What are periods? No, really. What is it that comprises the monthly bleeding that half of the population experiences? 

It should come as no surprise that approximately 1.8 billion people menstruate every month worldwide (Rohatgi & Dash, 2023). However, less is widely known—and discussed—about the biological components of periods. Menstrual blood is composed of three distinct body fluids: blood, vaginal fluid, and the shedding of the uterine lining during menstruation. But for scientists, that same menstrual blood may also be the next cutting-edge tool in regenerative medicine. Researchers believe in its wide-ranging capability to treat degenerative conditions such as Alzheimer’s disease and to repair damaged or deteriorated organs such as the heart and skin.
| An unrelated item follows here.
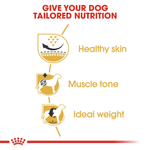 Royal Canin Pug Adult pack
The discovery of menstrual blood-derived stem cells by Xiaolong Meng et al. in 2007 rattled the field of regenerative medicine. Stem cell therapy, a form of regenerative medicine, aims to repair injured or diseased cells using lab-grown stem cells, which are manipulated to develop into specialized cells such as nerve and cardiac cells. For example, for a person with heart disease, stem cells could be injected into heart muscle to differentiate into cardiac cells, subsequently repairing the injured tissue. 

While stem-cell therapy holds promise in alleviating suffering and paving the way for groundbreaking treatments, there are a host of challenges and ethical considerations associated with conventional methods of cell acquisition.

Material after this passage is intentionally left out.